Betty Jean Belt, or Grandmom to me, had been an English teacher for many years before retiring to focus on a number of social projects. Grandmom was a strong woman who was up to the task of coaching a punk pre-teenager who thought he was destined to a life of “less than”. On a side note, if you had the opportunity to meet my grandfather you would know how strong and patient my grandmother truly was. People often say I inherited some of his personality. I guess it is good that my wife, Jen, has a lot in common with my Grandmom.
As you can imagine, I was not super excited about spending my afternoons studying the English language. I am still haunted by the strange plastic-like lamination smell that emanated from the flashcards in the back of the book. That did not discourage my grandmother.
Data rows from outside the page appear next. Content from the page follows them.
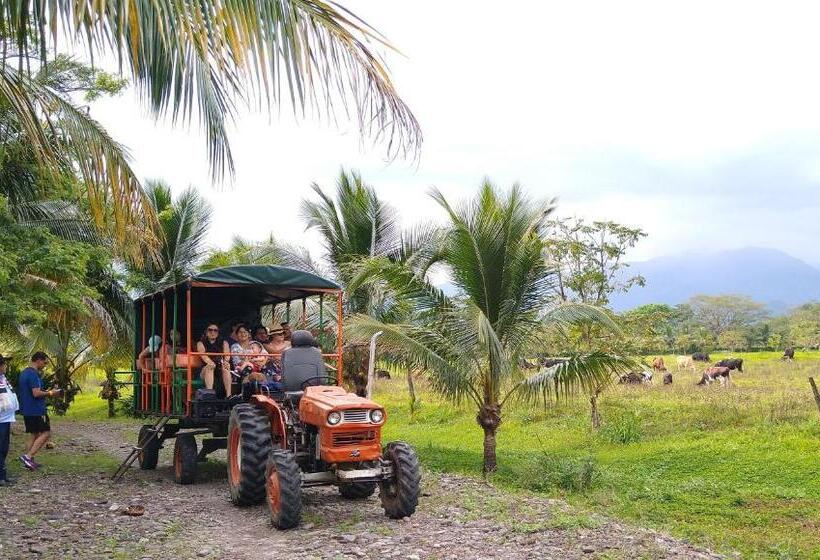 酒店 Y Parque Turístico Navar City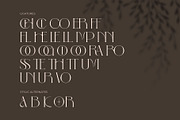 Maroon Black, a Serif Font by Nirmana Visual (Thumbnail 5 of 11)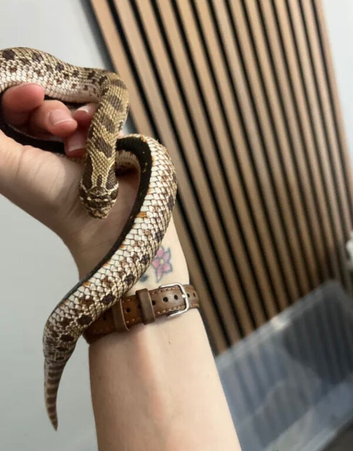 1 and half year old female hognose snake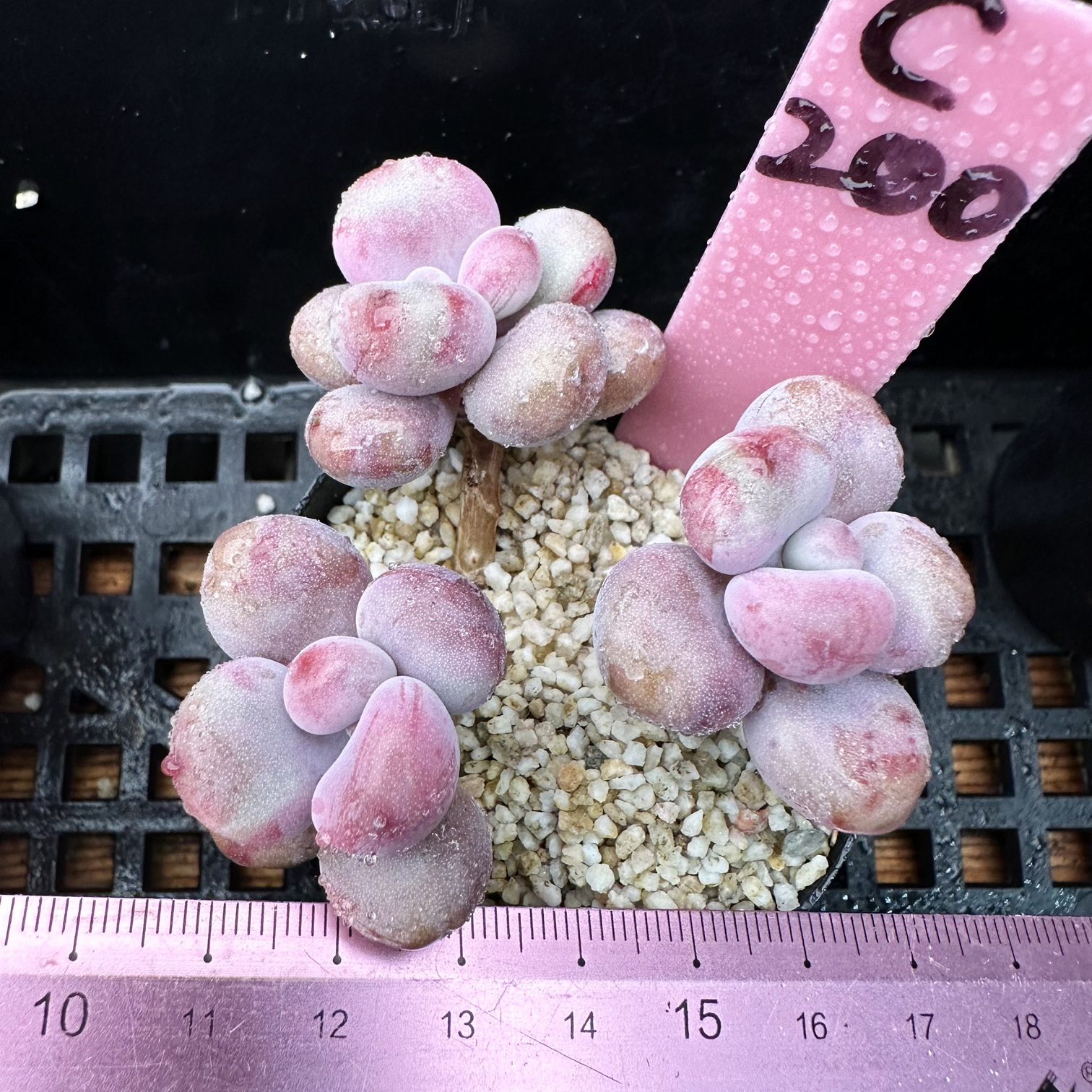 桃蛋 小老桩 肉肉多肉植物小盆栽绿植花卉 一物一拍！
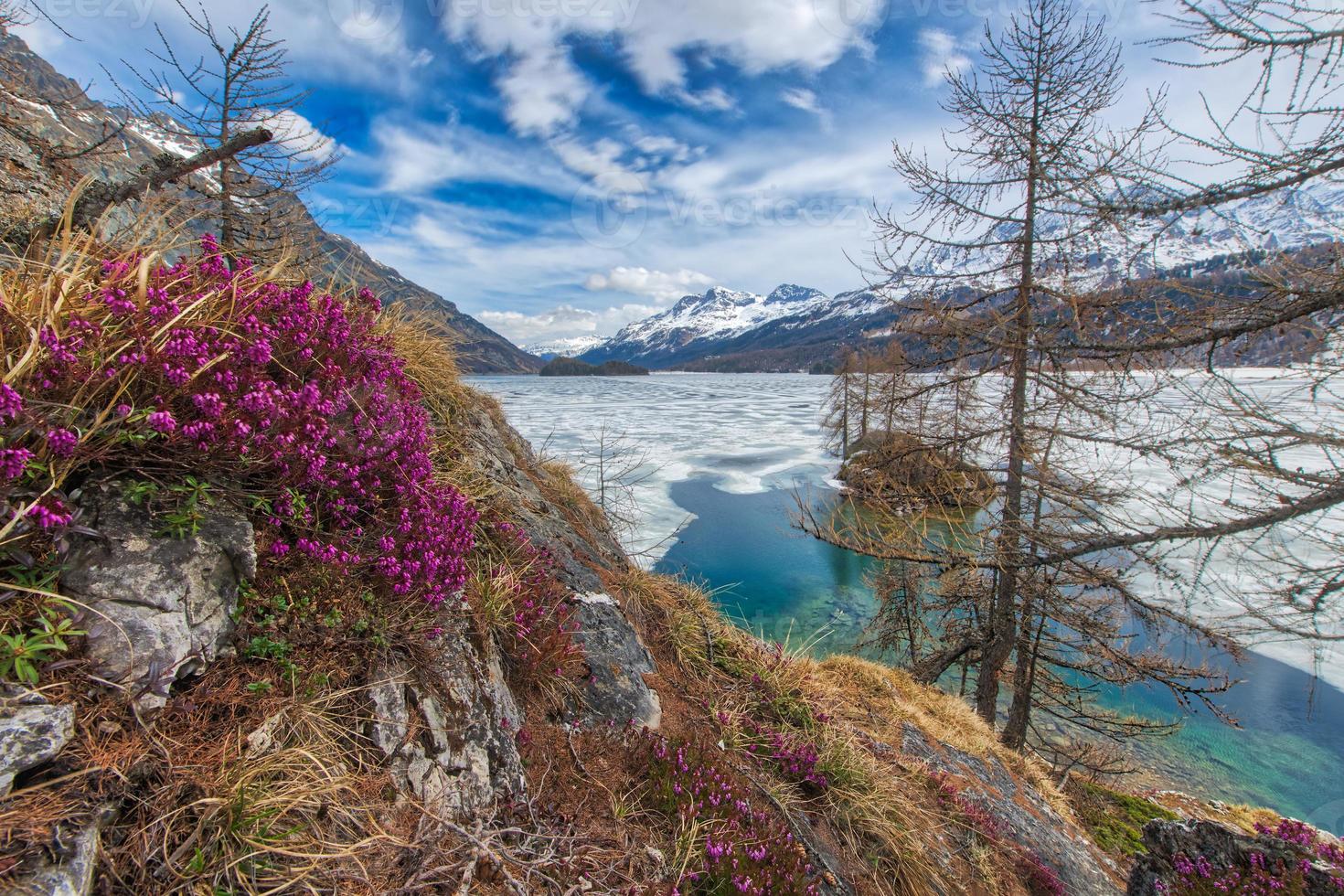 Tauwetter im Hochgebirge mit Frühlingsblumen und halb zugefrorenem See, Engadin bei Sankt Moritz foto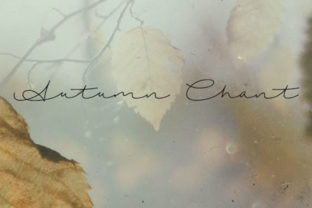Autumn Chant Font Review: Download & Design Guide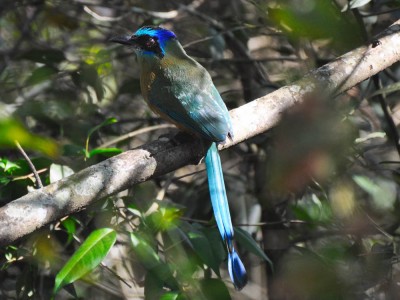 Udu-de-coroa-azul - Momotus momota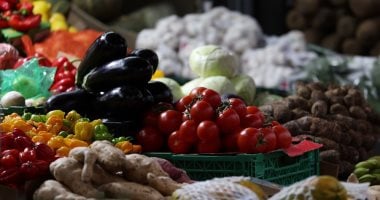 اليوم العالمي لسلامة الأغذية.. الأمراض المنقولة بالطعام قد تكون معدية أو سامة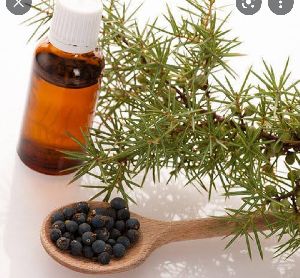 Juniper Berry Oil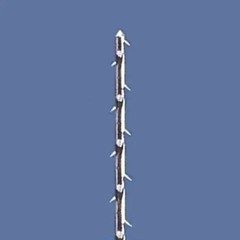 Mani Short Barbed Broaches for Efficiently remove debris and pulp tissue FREE SH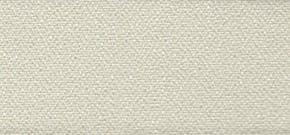 Festival ESP Cream  5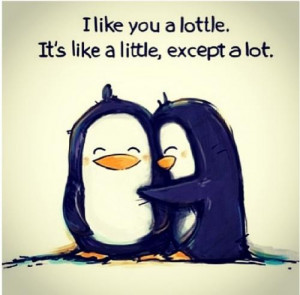 like you a lottle, it's like a little, except a lot
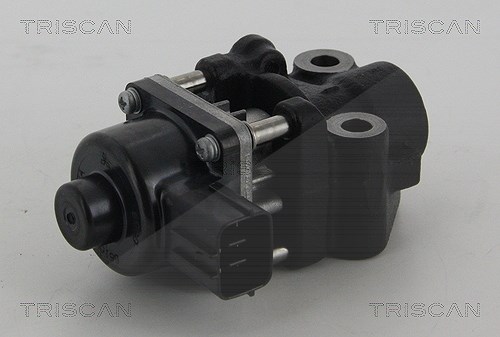 Triscan AGR-Ventil [Hersteller-Nr. 881310013] für Suzuki, Subaru, Fiat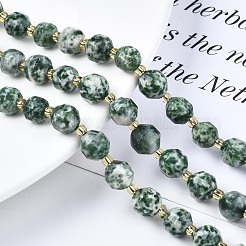 Natural Green Spot Jasper Beads Strands&nbsp;G-N326-100-07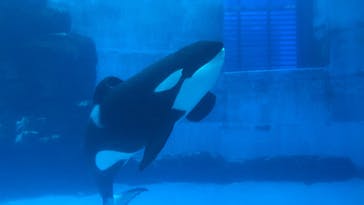 名古屋港水族館に投稿された画像（2021/7/19）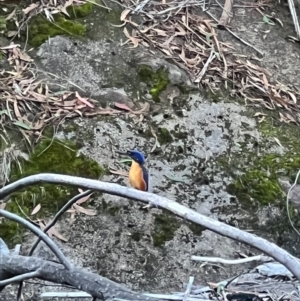 Ceyx azureus at Cotter River, ACT - 9 Apr 2023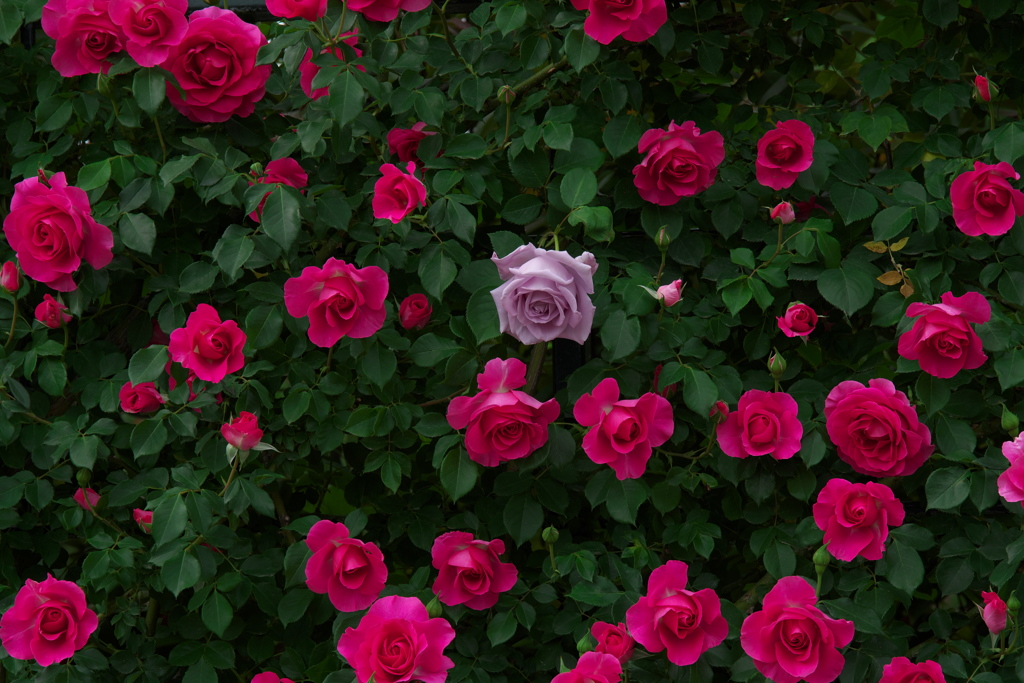 あしかがフラワーパークのバラ園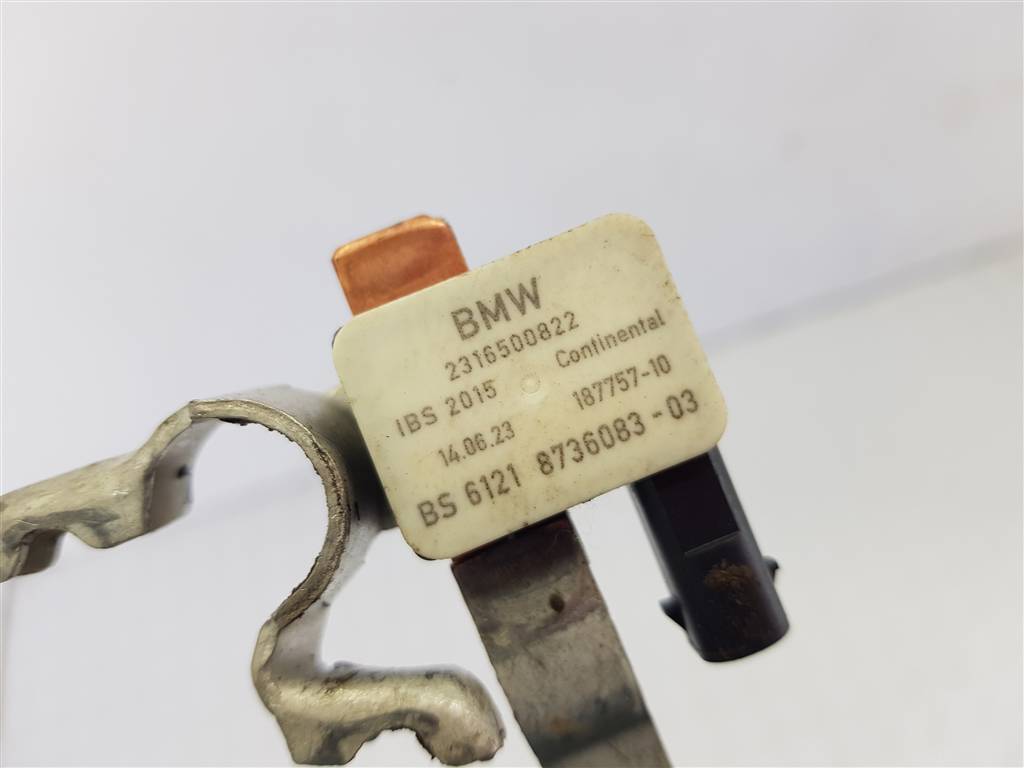 293818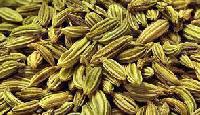 Manufacturers Exporters and Wholesale Suppliers of Fennel Seeds Unjha Gujarat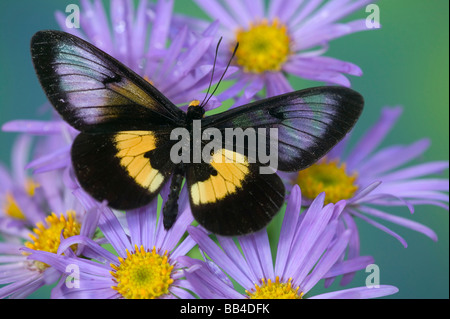 Sammamish Washington Photograph of Butterfly on Flowers, Stock Photo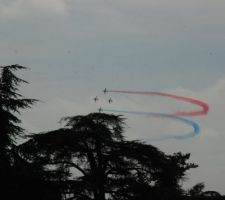 PAF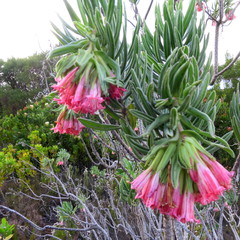 Lobostemon belliformis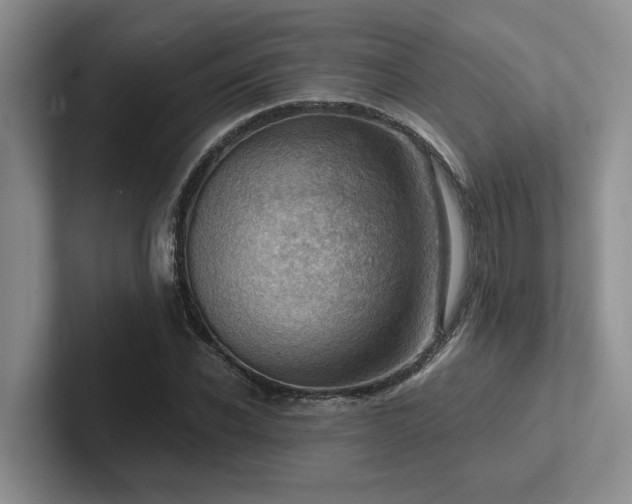 X0000102500926200808081346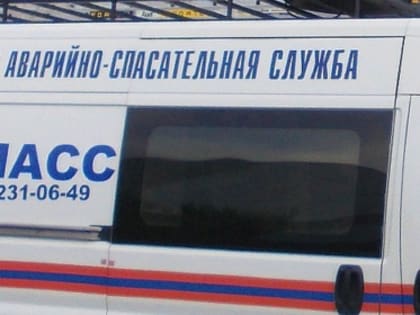 За сутки спасатели обнаружили в Новосибирске два женских трупа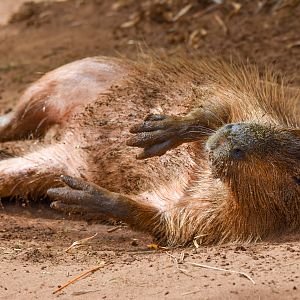 Capybara rollover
She believed in me and my ability to lean, and was committed to showing me that I should believe in myself.
Off we went- through more of those smelly flashcards than seems possible and enough workbooks to fill a bookshelf meant to hold a set of the Encyclopedia Britannica. Day after day, my grandmother invested in me and my future. Slowly but surely, I began to respond to her astute teaching. Our hard work began to pay off at school as I began to catch up to my fellow students. I began to realize that I was not destined to a life of being uneducated.
That does not mean it did not take a few years to fully take root. I was a bit of a terror in middle school, which was in part fed by my belief about who I was. However, I was at the beginning of a journey with a much different perspective as to the potential ending.